How to aggregate over rolling time window with groups in Spark

sql apache-spark pyspark apache-spark-sql window-functions

23,603

Revised answer:

You can use a simple window functions trick here. A bunch of imports:

from pyspark.sql.functions import coalesce, col, datediff, lag, lit, sum as sum_
from pyspark.sql.window import Window

window definition:

w = Window.partitionBy("group_by").orderBy("date")

Cast date to DateType:

df_ = df.withColumn("date", col("date").cast("date"))

Define following expressions:

# Difference from the previous record or 0 if this is the first one
diff = coalesce(datediff("date", lag("date", 1).over(w)), lit(0))

# 0 if diff <= 30, 1 otherwise
indicator = (diff > 30).cast("integer")

# Cumulative sum of indicators over the window
subgroup = sum_(indicator).over(w).alias("subgroup")

Add subgroup expression to the table:

df_.select("*", subgroup).groupBy("group_by", "subgroup").avg("get_avg")

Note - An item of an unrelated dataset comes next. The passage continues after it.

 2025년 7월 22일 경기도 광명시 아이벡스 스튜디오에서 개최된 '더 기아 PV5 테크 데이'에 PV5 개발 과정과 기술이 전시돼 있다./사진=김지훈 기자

+--------+--------+------------+
|group_by|subgroup|avg(get_avg)|
+--------+--------+------------+
|  group1|       0|         5.0|
|  group2|       0|        20.0|
|  group2|       1|         8.0|
+--------+--------+------------+

first is not meaningful with aggregations, but if column is monotonically increasing you can use min. Otherwise you'll have to use window functions as well.

Tested using Spark 2.1. May require subqueries and Window instance when used with earlier Spark release.

The original answer (not relevant in the specified scope)

Since Spark 2.0 you should be able to use a window function:

Bucketize rows into one or more time windows given a timestamp specifying column. Window starts are inclusive but the window ends are exclusive, e.g. 12:05 will be in the window [12:05,12:10) but not in [12:00,12:05).

from pyspark.sql.functions import window

df.groupBy(window("date", windowDuration="30 days")).count()

but you can see from the result,

+---------------------------------------------+-----+
|window                                       |count|
+---------------------------------------------+-----+
|[2016-01-30 01:00:00.0,2016-02-29 01:00:00.0]|1    |
|[2015-12-31 01:00:00.0,2016-01-30 01:00:00.0]|2    |
|[2016-03-30 02:00:00.0,2016-04-29 02:00:00.0]|1    |
+---------------------------------------------+-----+

you'll have to be a bit careful when it comes to timezones.

23,603

Author by

Mike S

Software Engineer at Disney by day.

Updated on July 05, 2022

Comments

Mike S almost 2 years
I have some data that I want to group by a certain column, then aggregate a series of fields based on a rolling time window from the group.

Here is some example data:
```
df = spark.createDataFrame([Row(date='2016-01-01', group_by='group1', get_avg=5, get_first=1),
                            Row(date='2016-01-10', group_by='group1', get_avg=5, get_first=2),
                            Row(date='2016-02-01', group_by='group2', get_avg=10, get_first=3),
                            Row(date='2016-02-28', group_by='group2', get_avg=20, get_first=3),
                            Row(date='2016-02-29', group_by='group2', get_avg=30, get_first=3),
                            Row(date='2016-04-02', group_by='group2', get_avg=8, get_first=4)])
```
I want to group by group_by, then create time windows that start at the earliest date and extend until there are 30 days with no entry for that group. After those 30 days are over, the next time window would start with the date of the next row that did not fall in the previous window.

I then want to aggregate, for example getting the average of get_avg, and the first result of get_first.

So the output for this example should be:
```
group_by    first date of window    get_avg  get_first
group1      2016-01-01              5        1
group2      2016-02-01              20       3
group2      2016-04-02              8        4
```
edit: sorry I realized my question was not specified properly. I actually want a window that ends after 30 days of inactivity. I have modified the group2 portion of the example accordingly.
G_cy about 6 years

could you explain how the sum work here? what is the frame of the window when calculating this sum? if there were 90 days' gap between one group, number of sub will be 0, 1, 2?
zero323 about 6 years

@G_cy It is literally sum over an indicator function - applying indicator yields a sequence of {0, 1}, where each 1 denotes gap > threshold. And sum is just a cumulative sum over this sequence. So the answer to your question is negative. It doesn't distinguish between gaps 1 * threshold, 2 * threshold ... n * threshold.
G_cy about 6 years

I checked it step by step. In one group, I understand that indicator yields a sequence of {0, 1}. In one group it shows like: (g1, 0), (g1, 0).....(g1, 1)...(g1, 0)...(g1, 1). Then I put sum in show, it shows (g1,0), (g1, 0), (g1,0) ...(g1, 1), (g1, 1), (g1, 1).... It looks like sum will only sum up all {0, 1} sequence before current row. Is it true?